I would like to train an image classifier that uses a positive floating point number (1-dimensional data of size 1) as the second input during training and inference. I am not an expert on deep learning, but I have identified from literature that what I want to do is probably called “early fusion”, i.e. combining two different types of data (or modalities) when extracting features from an image.
The purpose of supplying the float is to help improve classification accuracy; the number on its own is not enough to make a prediction. A similar example would perhaps be providing the gender of a patient whose medical image is used to train a tumor classifier. The only difference would be that gender comes only in a few discrete values.
Examples I’ve seen in this forum appear to be more complicated than mine.

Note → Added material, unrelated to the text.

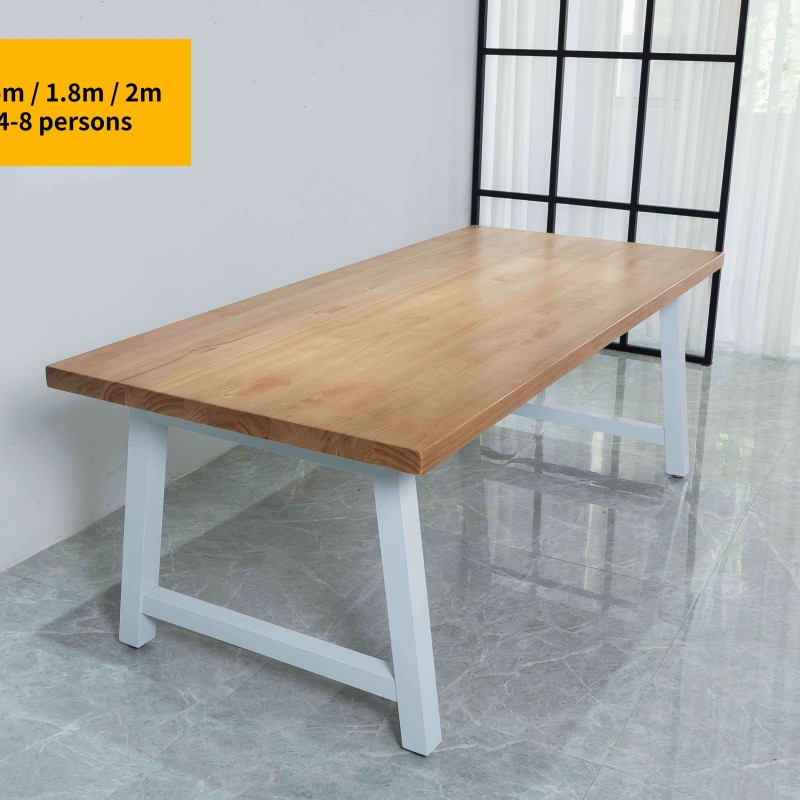 Rustic Solid Wood Industrial Dining Table / Desk / Meeting Table - Chunky Timber / White Steel Legs (A-Frame Legs) - 1.5m (150cm) / 1.8m (180cm) / 2m(200cm) c/w White A-FrameLegs x 2 4-8 Persons - SQUARE EDGE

For example, the second input might contain enough information to extract features or even train a second classifier, such as an MLP and then merge the predictions [1, 2, 3, 4]. Therefore, the only solution I could think of is that I concatenate the float y to a flattened image, like so:
# subclassed torchvision.models resnet50
def forward(self, x, y):
x = self.avgpool(x)
x = torch.flatten(x, 1)
x = torch.cat((x, y), dim=1)
x = self.fc(x) # nn.Linear(in_features + 1, num_classes)
However, doing this has actually caused a drop in classification accuracy after training, when compared with a resnet50 model that accepts only image input. My intuition also tells me that the 1D float input should somehow be normalized.
I would be grateful for suggestions on how to approach this problem when writing the forward method. I have already written my own dataset with a custom
self.labels=labels #The floating point values for that images you want to return.
# Encode the labels and then append the training images and labels together.
# For eg : images=directory of image 0 and labels=label for that particular image
image_name = self.images[idx]
image = cv2.imread(image_name)
b, g, r = cv2.split(image)
image = cv2.merge((r, g, b))
So instead of passing the floating point values through the network architecture, you can simply return the floating point values in the DataLoader itself.
Thanks for your reply. I think I’ve failed to communicate that the extra float is not the label. The image dataset is split into a few distinct categories and each image will have a positive float associated with it. So my dataset is something like this:
def __getitem__(self, index):
image, labels = super().__getitem__(index)
# logic here to obtain the float here from csv file
extra_float = torch.Tensor([extra_float])
return image, extra_float, labels
The question is how to correctly use
extra_float in the
forward method during training so that it improves classification accuracy of objects split into a few categories.
Okay sorry for misunderstanding your question. Why do you want to integrate this float value in the image classification model? I guess it won’t do good. Concatenating float value with the last layer may lead to loss in the originality of features that were extracted.
Early fusion will be useful only if you concatenate the image with a texture or any feature.
The extra float is the magnification level for an image obtained using a microscope. Objects in each category can have different size in pixels, depending on magnification level. At the moment, small objects are sometimes incorrectly identified in images taken at a low-magnification level, although in reality they would be too small to be seen there.
Knowing the magnification level definitely helps when a human is performing the same task.